Burke’s comments about the “rats taking over the game” made me think about Ken “The Rat” Linesman, one of the dirtiest players in the game.  He could certainly play, scoring 92 points in 1981-82, to go along with his 275 penalty minutes.  But he was a master at the spear, the slash, tripping behind the play and once was charged with kicking a player in the head with his skate.  Linesman played in an era when enforcers roamed the NHL freely – and it didn’t stop him from carrying on with his garbage.   The goons don’t make players accountable; they just slow down the game and take up a valuable roster spot.

If you review some of the 40-plus publications and media outlets that picked up the feed of Burke’s press conference, you can get a sense of the fan’s views by reading the comments after each article.  Below you can read a few of them – admittedly I have only included those that support my viewpoint – but it’s my blog:

“Change happens all around us and it's time to get this fighting nonsense out of hockey all together. Time to focus on skills and leave the fighting to the WWF and other brainless sports.”
  • “Burke ought to know that "accountability” is in the hands of the Refs, and more recently “Mr. Shanahan"- where it ought to be.”
  • “It strikes one as just a little bit perplexing that the hockey traditionalists still believe that the presence of a so-called 'enforcer' on the ice is somehow going to strike fear into the hearts of the 'rats' who take liberties with the rule book”
  • “As long as fighting remains a part of hockey, the rats have already taken over the NHL, the only major professional sport where fighting does not result in immediate expulsion”.

Burke probably did more for this issue than anyone else in the past few years.  He came across as a bit of a dinosaur, moaning about the good old days when players policed the game with their fists.   The fact that he “didn’t care what other sports did” showed inflexibility in facing where the game is going.   Overall there were many more journalists that were negative on Burke’s stance than there were agreeing with him. 
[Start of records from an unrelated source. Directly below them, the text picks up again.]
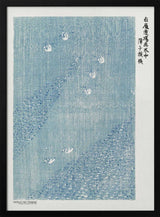 Woodblock Print Blue
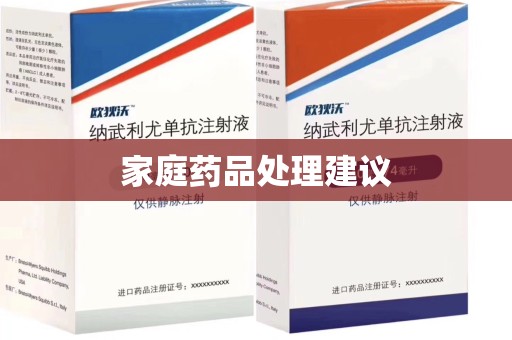 佛山家庭药品处理建议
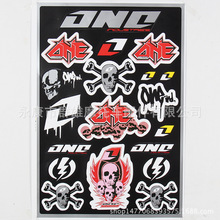 贝纳利小黄龙bj250tnt25街车机车摩托车贴花贴画贴纸全车改装定制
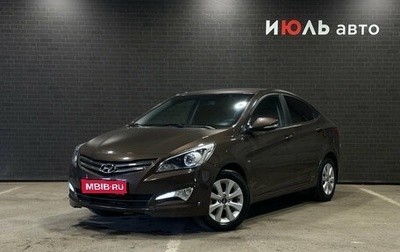 Hyundai Solaris II рестайлинг, 2016 год, 1 200 000 рублей, 1 фотография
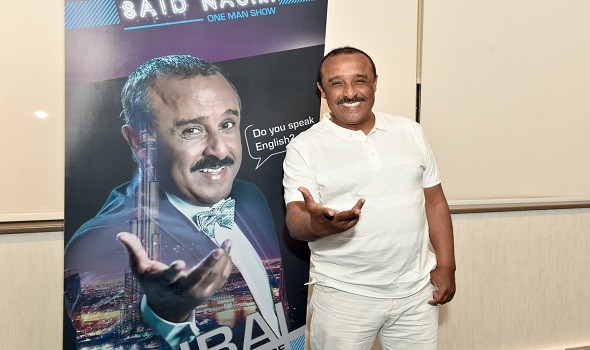 سعيد النصري يستنجد بعد إصابته وعائلته بكورونا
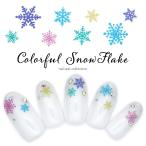 [ кошка pohs бесплатная доставка ] наклейки на ногти красочный snow хлопья наклейка [1211] собственный ногти гель ногти 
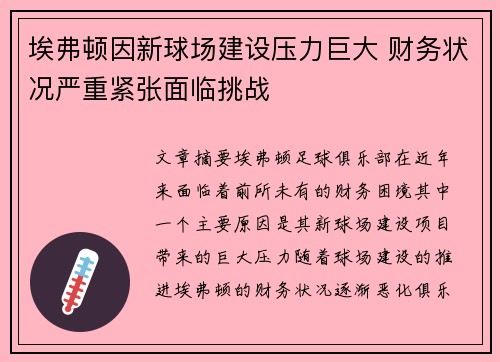 埃弗顿因新球场建设压力巨大 财务状况严重紧张面临挑战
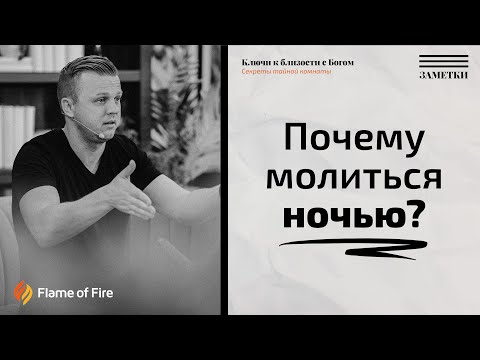 Видео: Почему молиться ночью? | Андрей Шаповал. Заметки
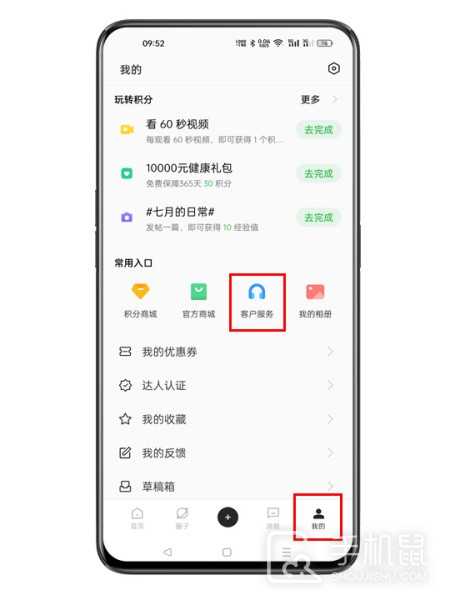 OPPO K12如何开启维修空间？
I have read through the comments on about 10 websites that carried this story (CBS Sports, National Sports, ESPN, Vancouver Sun, etc.) and I was heartened to read a lot of positive comments like those above.  Fans – real hockey fans – want to see the NHL ban fighting.   We just need to collect the power of collective speech and action, and we can accomplish that goal.

1 comment:

  1. Burke's comments, while disturbing, were actually a deliberate smoke-screen. Burke had signed Orr to a big contract and Orr simply couldn't play in the NHL. Rather than admit publicly that he had made a mistake, Burke made his big speech about "rats" and deflected attention away from his gaffe in signing Orr in the first place.
    Nonetheless, Burke did reveal his support for the type of dinosaur thinking that prevails in the NHL.